To the other end of things, one of the core participants of the French New Wave, Eric Rohmer, died at the sprightly age of 89 on Monday Jan. 11th, and sprightly certainly is the word for the former film critic who joined contemporaries like Godard, Truffaut, Rivette, and Chabrol and also became a director. As each of his colleagues moved on to create their own directorial styles and focus on specific types of films, Rohmer’s forte was the character film with heavy, nuanced dialogue that felt improvised but apparently wasn’t – something that made his characters feel very natural, and gave his scenes and films a tempo that not every critic appreciated.
Rohmer was not part of the directors showcased in my old film theory classes, and indeed my first exposure to his work was L’ami de mon amie / Boyfriends and Girlfriends (1987), which seemed an appropriate intro at the time, since the film dealt with same-age characters in cumbersome relationships while in school. I caught the film on VHS, and while I only saw one other Rohmer film thereafter – the lovely romance Conte d’automne / Autumn Tale (1998) - L’ami did clear up a fear that Rohmer was dull.
(I still haven’t tackled Rivette, though. Rumours of meandering, rambling character pieces have kept me away from his work.)
Rohmer was prolific, and from 1950 to 2007 he made over fifty works for film and TV, and groups of his films centered around certain historical figures, seasons, and subjects – so there’s plenty to choose from, even though some of the titles may not currently be available on DVD in Region 1 land. As with any artist, do a bit of research regarding the major films, and give Rohmer a try, because there’s much to admire in his nuanced canon.

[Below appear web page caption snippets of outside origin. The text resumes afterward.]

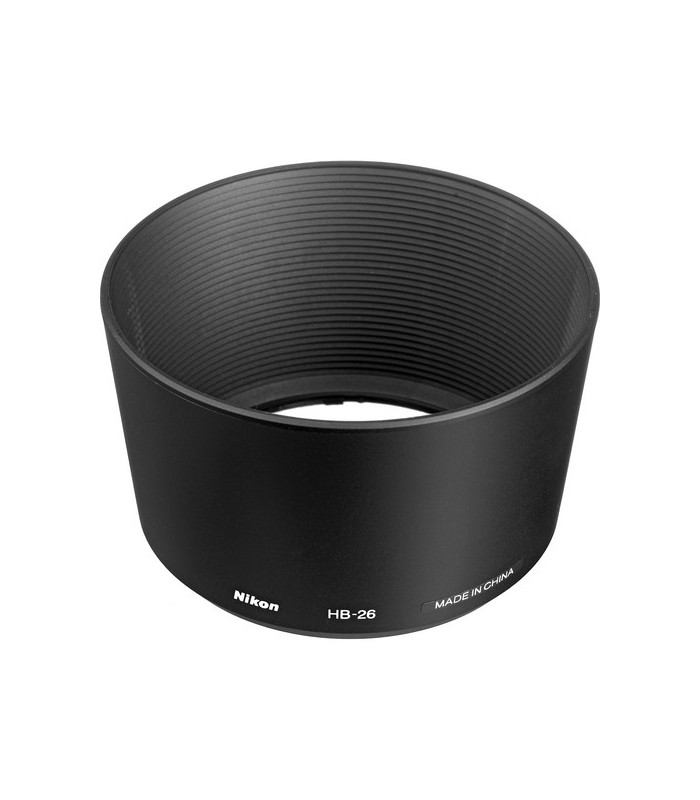 Nikon AF Zoom-NIKKOR 70-300mm f4-5.6G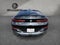 2023 BMW X6 M50i Sports Activity Coupe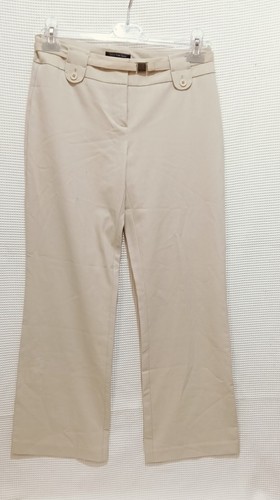 Pantalone lungo donna - pantalone, da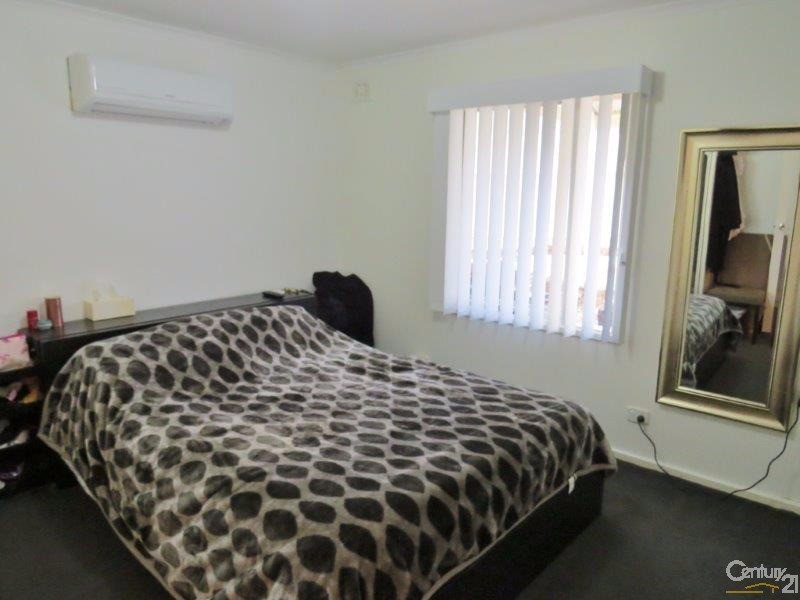 6 Gum Court, Morphett Vale SA 5162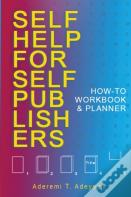 Self-Help For Self-Publishers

One filmmaker perhaps overlooked due to his absurdly short output is American Marc Rocco, a talented director whose career began with Scenes from the Goldmine (1987) and Dream a Little Dream (1989) before he went on a brief humanist streak with the powerful diptych of Where the Day Takes You (1992) and Murder in the First (1995), and then kind of disappeared behind the scenes as a producer before suddenly dying in May of 2009.
Murder in the First is his best-known work – manipulative and plastic on the facts surrounding prisoner abuse at Alcatraz State Penitentiary, but nevertheless moving – whereas Where the Day Takes You slipped under the radar in spite of being available on home video on several formats. Anchor Bay’s reissue on DVD brings this lost gem back into circulation, and it’s a potent drama about teenage runaways living and loving and dying on the streets of Los Angeles.

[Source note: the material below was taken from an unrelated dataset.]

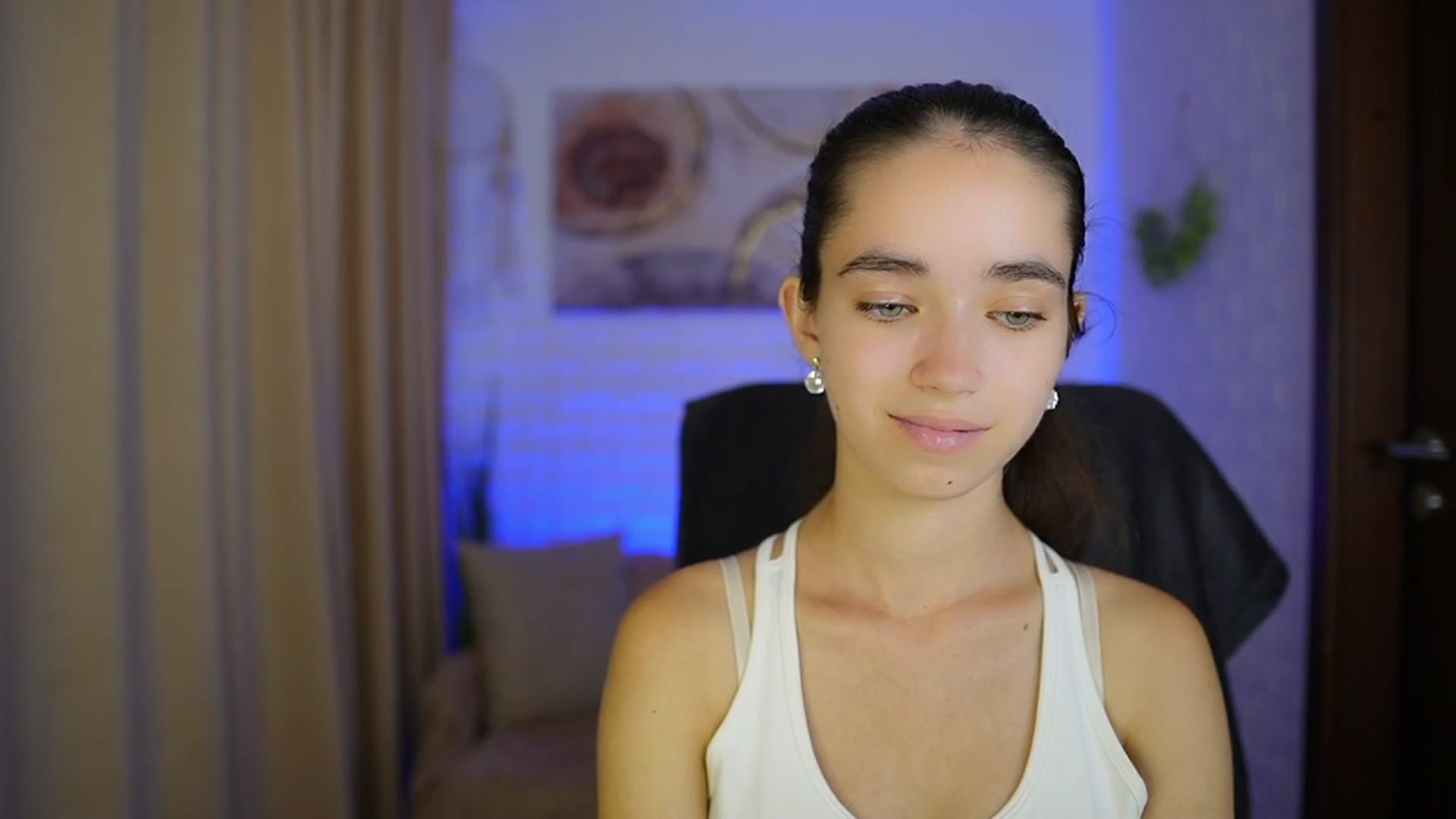 Gia_Paige18 video thumbnail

I’ve uploaded reviews of both films, but before you even read the review for Where the Day Takes You, first check out the cast details, because the film is grounded by many up-and-coming stars that enjoyed successful careers. Moreover, there are fine turns by character actors who’ve since been typecast in lighter roles, such as Stephen Tobolowsky, a familiar actor known for playing comedic/beaky nerd characters in TV’s Glee and Heroes (as well as nasal Dr. Werner ‘my-voice-is-my-passport’ Brandes in Sneakers, back in 1992).